ViCaS: A Dataset for Combining Holistic and Pixel-level Video Understanding using Captions with Grounded Segmentation

Ali Athar,Xueqing Deng,Liang-Chieh Chen
2024-12-13
Abstract:Recent advances in multimodal large language models (MLLMs) have expanded research in video understanding, primarily focusing on high-level tasks such as video captioning and question-answering. Meanwhile, a smaller body of work addresses dense, pixel-precise segmentation tasks, which typically involve category-guided or referral-based object segmentation. Although both research directions are essential for developing models with human-level video comprehension, they have largely evolved separately, with distinct benchmarks and architectures. This paper aims to unify these efforts by introducing ViCaS, a new dataset containing thousands of challenging videos, each annotated with detailed, human-written captions and temporally consistent, pixel-accurate masks for multiple objects with phrase grounding. Our benchmark evaluates models on both holistic/high-level understanding and language-guided, pixel-precise segmentation. We also present carefully validated evaluation measures and propose an effective model architecture that can tackle our benchmark. Project page: <a class="link-external link-https" href="https://ali2500.github.io/vicas-project/" rel="external noopener nofollow">this https URL</a>
Computer Vision and Pattern Recognition
What problem does this paper attempt to address?
The problem that this paper attempts to solve is to combine high - level video understanding tasks (such as video caption generation and question - answering) with pixel - level video understanding tasks (such as text - prompt - based video instance segmentation). Currently, these two research directions mostly develop independently, with different benchmarks and architectures, and lack a unified framework to evaluate the model's ability in high - level understanding and fine - grained localization. Specifically, the paper raises the following questions: 1. **Separation between high - level video understanding and pixel - level understanding**: Existing research usually focuses on high - level tasks (such as video caption generation and question - answering) or pixel - level tasks (such as object segmentation), but few works pay attention to both aspects simultaneously. This separation results in the model being unable to fully understand video content, especially in cases where visual and language information need to be combined. 2. **Lack of comprehensive evaluation benchmarks**: Current benchmark datasets either focus on high - level understanding or on pixel - level localization, and there is no unified benchmark that can evaluate the performance in both aspects simultaneously. 3. **Limitations of existing datasets**: Existing datasets either provide detailed text descriptions or pixel - level segmentation masks, but few datasets can provide both high - quality text descriptions and pixel - accurate segmentation masks simultaneously, which limits the model's training and evaluation. To solve these problems, the paper introduces a new dataset named ViCaS (Video Captioning and Segmentation), which contains thousands of videos with detailed human - written captions and temporally consistent, pixel - accurate segmentation masks.
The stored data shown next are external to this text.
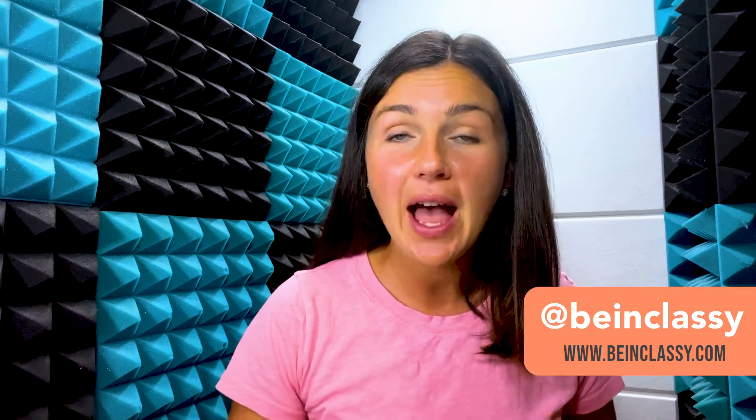Hey everyone, welcome to Being Classy. My name is Jessica and in this video I want to show you how to forward an email using Gmail.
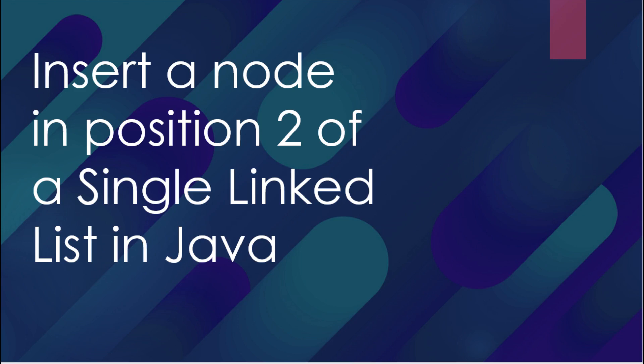Hi guys, my name is Hamada. I'm a computer engineering student in UK, and today we are going to see how we can insert a node in a specific position, in this case the second position, of a single linked list in Java.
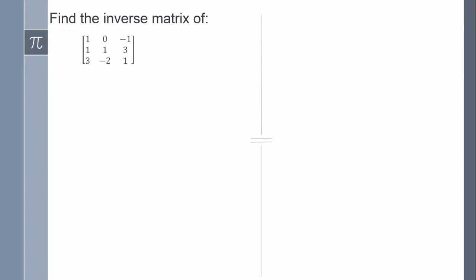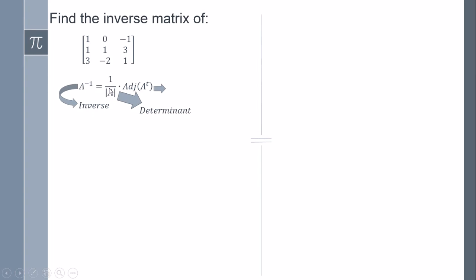In this video we're going to find the inverse of this matrix here. What we have to know first is the formula in order to find the inverse matrix: we have one over the determinant times the adjoint. So we need to assemble each one of these pieces.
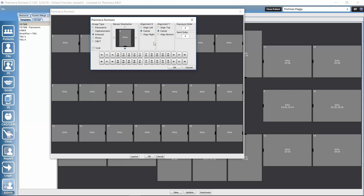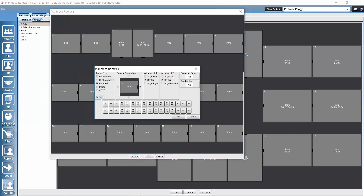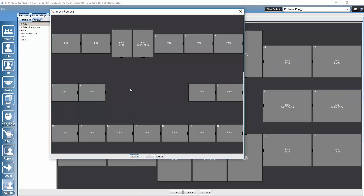When the slot is for an intraoral image, we can define which tooth numbers will be visible. After configuring one slot, we work through the others similarly — changing sensor orientation, defining tooth numbers, and setting exposure order. If a slot should never contain an image, we can double-click it and select 'Void' to remove it from the layout.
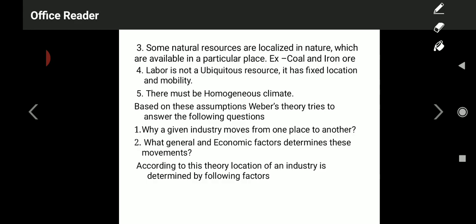Dear students, in the last class we started one of the important theories in the third unit — that is Alfred Weber's theory of industrial location. We discussed the introduction and assumptions of Weber's theory. The last assumption we studied in the previous class is that there must be a homogeneous climate. Weber's theory is applicable for homogeneous climatical conditions, not for heterogeneous climatical conditions.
The words and phrases in these captions are aligned with key objects, and each video is annotated with segmentation masks for multiple objects. In addition, the paper also proposes a new benchmark task to evaluate the model's ability in high - level understanding and pixel - level understanding, and introduces an effective end - to - end architecture named Video - LLaV A - Seg to handle these tasks. In this way, the paper aims to bridge the gap between high - level video understanding and pixel - level localization and promote the development of more comprehensive video understanding models.